Eight out of 10 women sexually harassed in Iraq

Report says harassment is increasing due to failure of laws to recognise phenomenon and punish perpetrators.

A recent survey published by the Iraqi Women’s Journalists Forum (IWJF) found that eight in 10 women in Iraq have suffered some form of sexual harassment.

The poll conducted by the Baghdad-based NGO also found an increasing number of women are experiencing the harassment in public.  

Historically, Iraqi women and girls have had more rights than women in other countries across the Middle East. Women were formally granted equal rights in Iraq’s constitution in the 1970s, which allowed them to go to school, vote, run for political office and own property.

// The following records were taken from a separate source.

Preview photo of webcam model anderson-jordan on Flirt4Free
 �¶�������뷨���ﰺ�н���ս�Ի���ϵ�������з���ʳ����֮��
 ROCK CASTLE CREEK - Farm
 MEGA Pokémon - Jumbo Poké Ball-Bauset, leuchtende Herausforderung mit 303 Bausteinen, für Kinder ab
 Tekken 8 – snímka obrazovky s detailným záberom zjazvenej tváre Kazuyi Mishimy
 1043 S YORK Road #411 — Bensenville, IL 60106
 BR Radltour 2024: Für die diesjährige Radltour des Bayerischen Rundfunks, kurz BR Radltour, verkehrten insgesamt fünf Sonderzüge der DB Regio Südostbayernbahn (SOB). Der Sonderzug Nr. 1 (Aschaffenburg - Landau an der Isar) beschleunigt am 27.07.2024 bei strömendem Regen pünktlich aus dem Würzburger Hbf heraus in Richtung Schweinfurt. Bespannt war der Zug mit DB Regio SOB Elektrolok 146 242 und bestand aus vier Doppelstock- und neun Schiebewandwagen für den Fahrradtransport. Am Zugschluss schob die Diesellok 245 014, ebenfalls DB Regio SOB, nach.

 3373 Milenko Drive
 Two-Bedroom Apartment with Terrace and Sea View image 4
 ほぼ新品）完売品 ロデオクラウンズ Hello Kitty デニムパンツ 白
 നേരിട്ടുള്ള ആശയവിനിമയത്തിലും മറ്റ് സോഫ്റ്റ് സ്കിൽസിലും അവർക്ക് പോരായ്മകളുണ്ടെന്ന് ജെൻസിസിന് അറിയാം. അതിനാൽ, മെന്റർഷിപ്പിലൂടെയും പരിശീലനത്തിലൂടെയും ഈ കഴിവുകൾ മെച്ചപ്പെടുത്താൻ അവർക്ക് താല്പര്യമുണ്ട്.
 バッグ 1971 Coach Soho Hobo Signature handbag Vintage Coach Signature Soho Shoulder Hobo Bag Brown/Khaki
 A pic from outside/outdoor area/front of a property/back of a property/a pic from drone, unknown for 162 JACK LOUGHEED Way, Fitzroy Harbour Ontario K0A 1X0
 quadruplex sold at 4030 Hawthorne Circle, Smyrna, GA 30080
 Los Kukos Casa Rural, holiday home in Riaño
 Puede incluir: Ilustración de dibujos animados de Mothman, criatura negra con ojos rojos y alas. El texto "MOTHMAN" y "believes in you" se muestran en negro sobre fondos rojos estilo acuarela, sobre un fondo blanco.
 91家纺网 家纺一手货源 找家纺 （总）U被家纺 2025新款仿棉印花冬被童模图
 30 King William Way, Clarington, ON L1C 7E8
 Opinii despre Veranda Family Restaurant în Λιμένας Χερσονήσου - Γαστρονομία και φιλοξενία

But that began to change after the 1991 Gulf War with the United States.

Women and girls were disproportionately affected by the conflict and the United Nations’ economic sanctions that followed, limiting access to food, healthcare and education.

The US-led invasion in 2003 worsened the situation dramatically.

Hanaa Edwar, who runs the Iraqi Al-Amal Association, a women’s rights group, is campaigning to change that.

She says decades of successive wars, economic sanctions, sectarian violence, the rise of the Islamic State of Iraq and the Levant (ISIL) group, and the growing influence of tribal culture are all tearing at the fabric of Iraqi society.  

“One of the things that preoccupies me and some of the other women’s rights activists is the damaging of the moral ethics inside the country – because there are no moral ethics now,” she told Al Jazeera.